Your goal. Please return only the lines from the one with "区块链技术在传统彩票平台中的应用与" through the final line of the data, unchanged, with pictures omitted.
*** Block opens ***
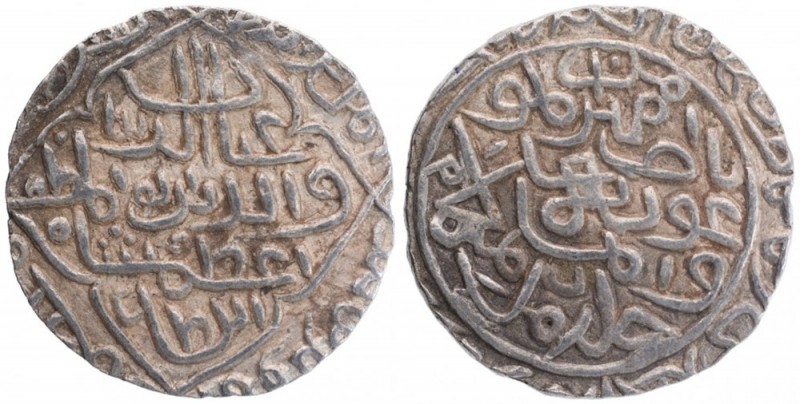 Sultanate Coins
Bengal Sultanate
61. Ghiyath-ud-Din Azam Shah (AH 792-813 / 13...
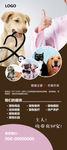 宠物医院易拉宝
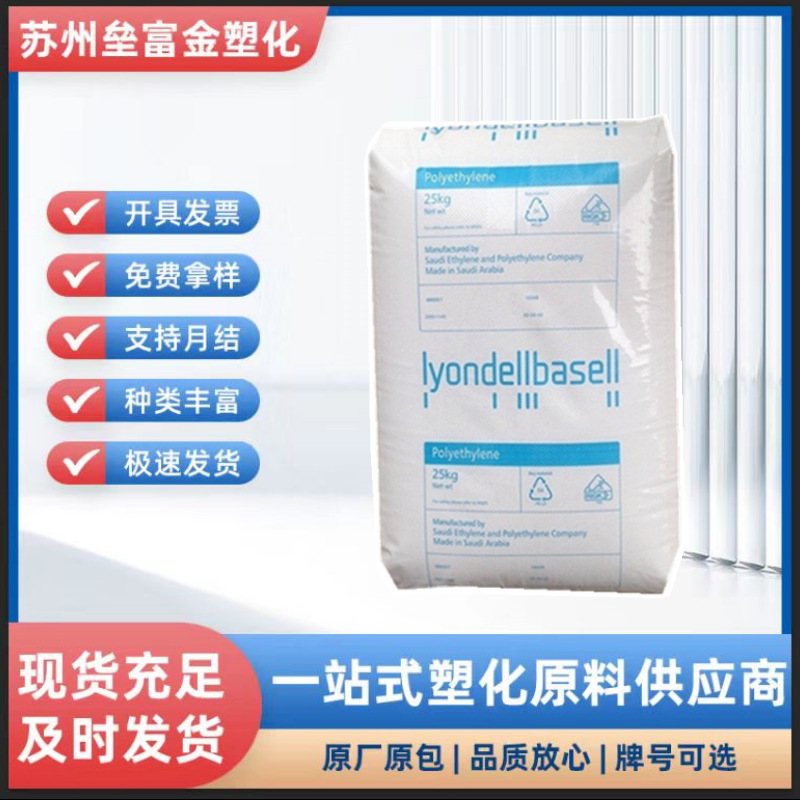 LDPE 利安德巴塞尔2426H 注塑级增强级 用于薄膜级光学级塑胶原料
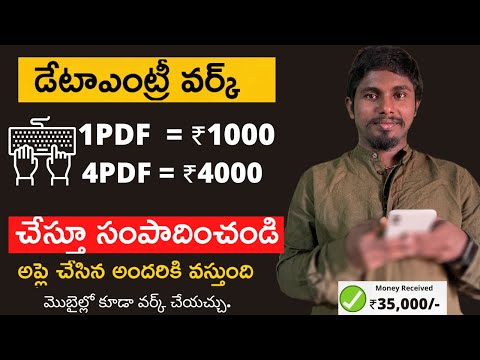 How to earn money online without investment telugu | how to make money online in telugu 2021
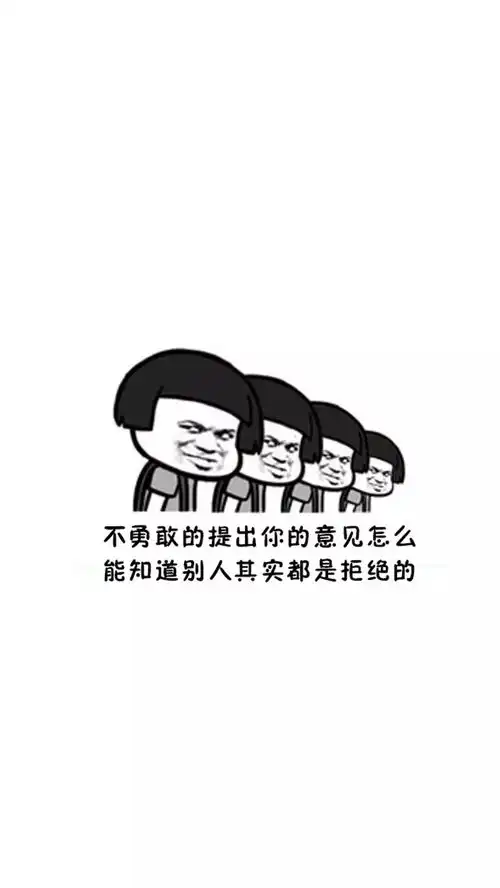  壁纸合集一波小可爱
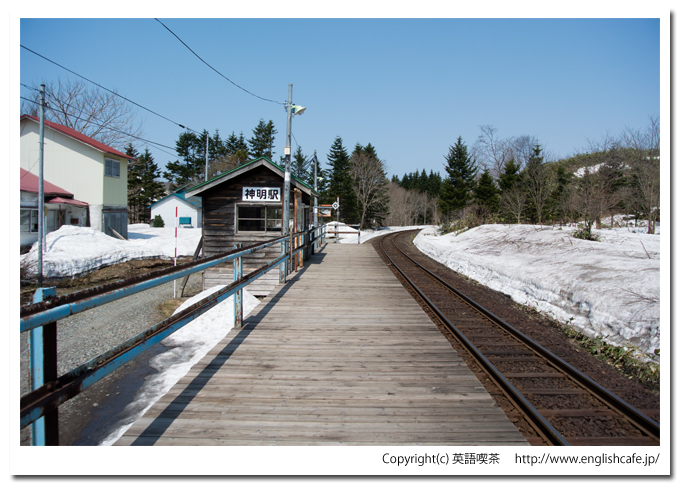 神明駅の木造板ホーム（北海道檜山郡上ノ国町）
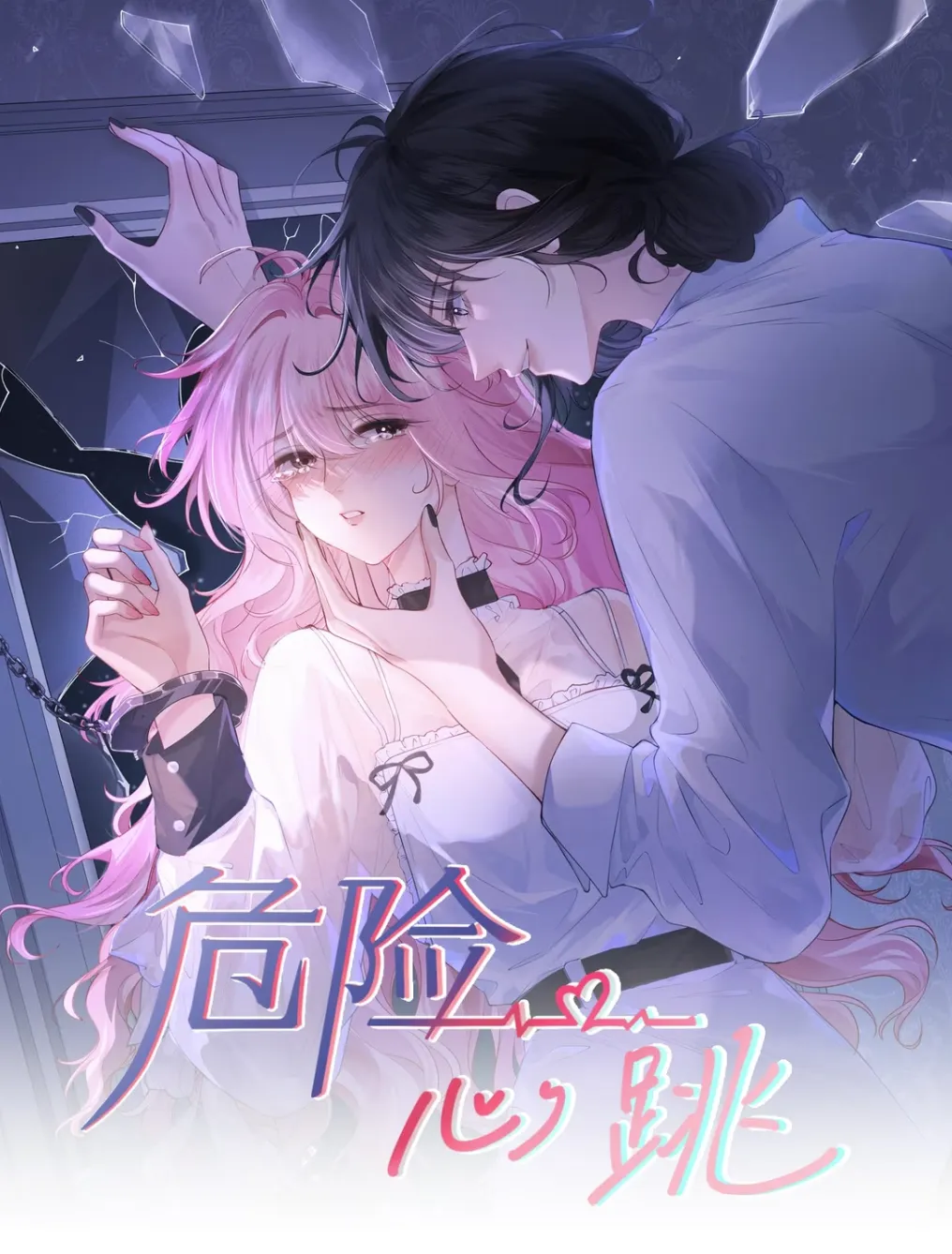 Wéixiǎn Xīntiào background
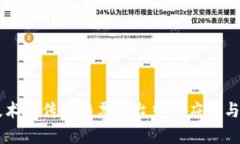 区块链技术在传统彩票平台中的应用与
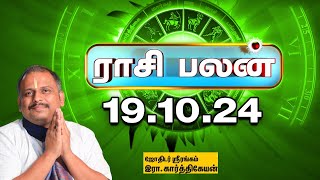 இன்றைய ராசிபலன் 191024  Horoscope  Today Rasi Palan சனிக்கிழமை  October19  Rasi Palan [upl. by Birkner]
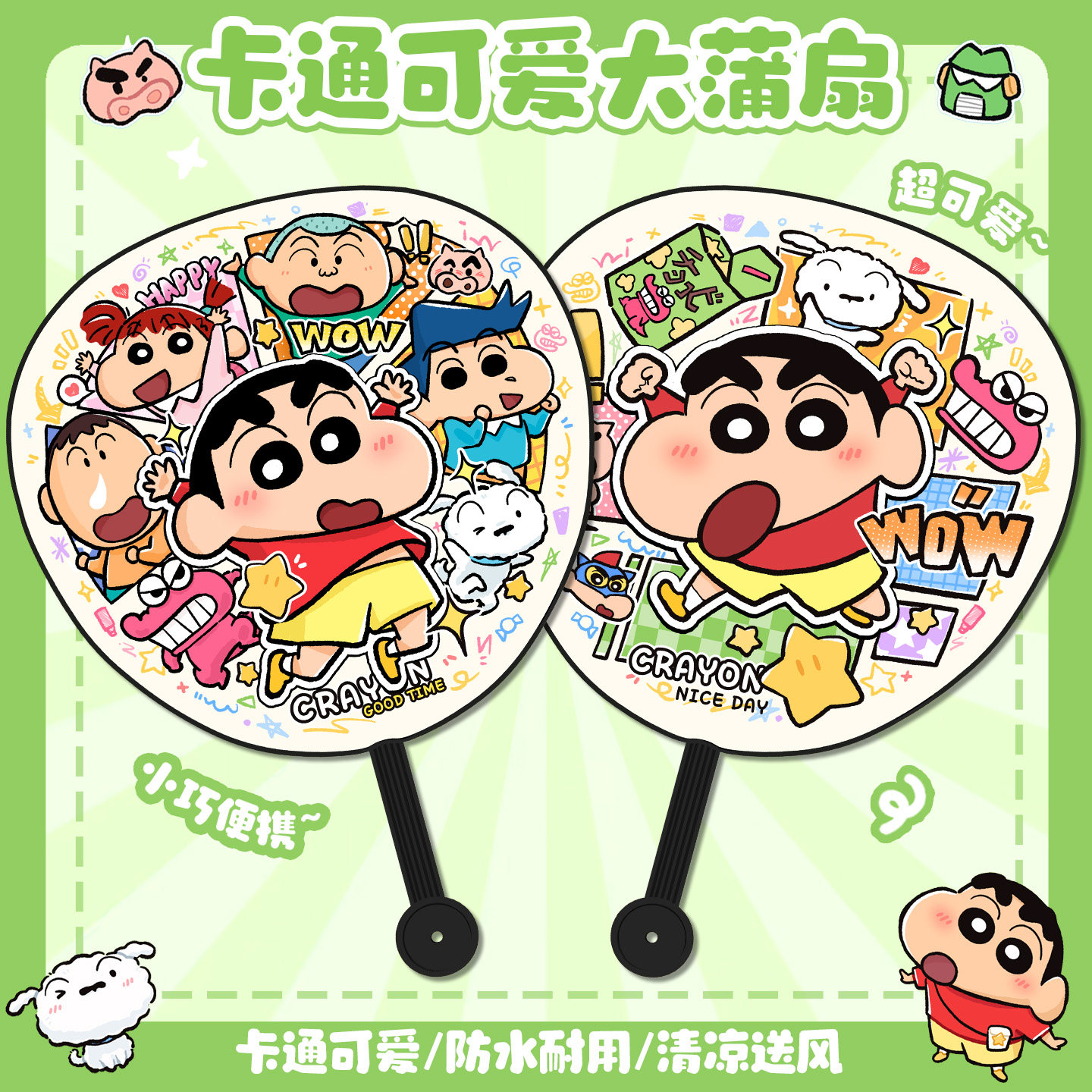 萌系夏季清凉扇子夏天便携卡通小新夏日大蒲扇学生塑料送风手摇扇图片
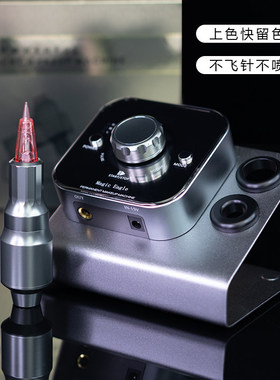 魔鹰微振电流仪纹绣机便携机器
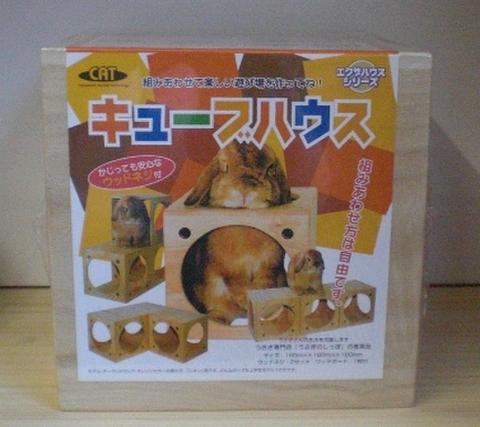 キューブハウス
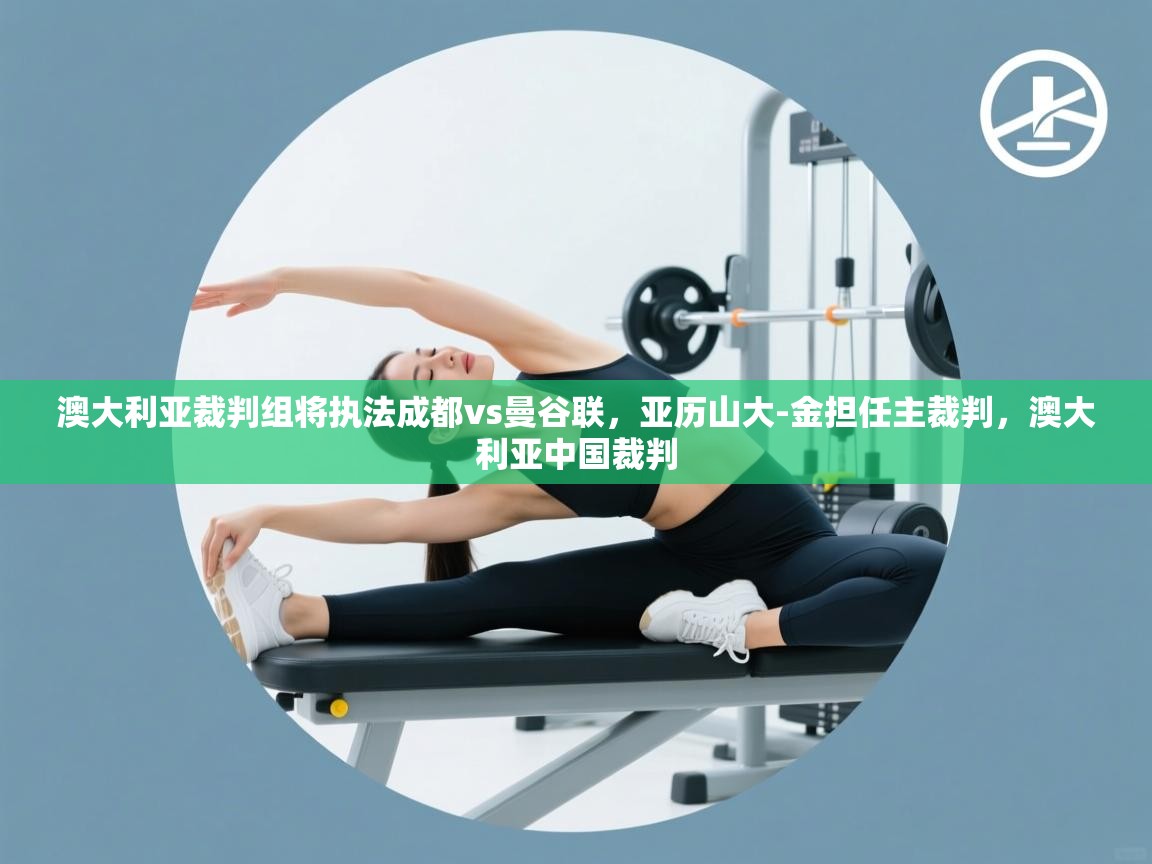 问鼎娱乐注册-澳大利亚裁判组将执法成都vs曼谷联，亚历山大-金担任主裁判，澳大利亚中国裁判  第2张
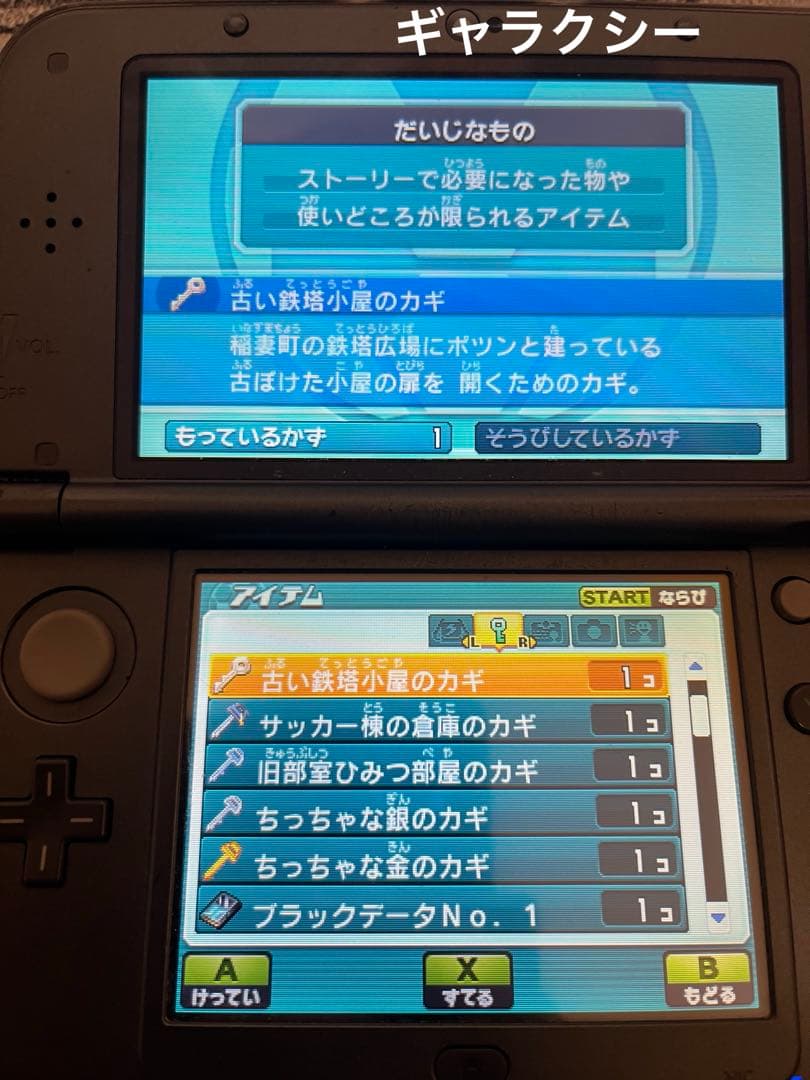 イナズマイレブンGO ギャラクシー ビックバン &ネップウ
*** Block closes ***
Answer to this exercise.
 区块链技术在传统彩票平台中的应用与
 இன்றைய ராசிபலன் 191024  Horoscope  Today Rasi Palan சனிக்கிழமை  October19  Rasi Palan [upl. by Birkner]
 萌系夏季清凉扇子夏天便携卡通小新夏日大蒲扇学生塑料送风手摇扇图片
 魔鹰微振电流仪纹绣机便携机器
 キューブハウス
 问鼎娱乐注册-澳大利亚裁判组将执法成都vs曼谷联，亚历山大-金担任主裁判，澳大利亚中国裁判  第2张
 イナズマイレブンGO ギャラクシー ビックバン &ネップウ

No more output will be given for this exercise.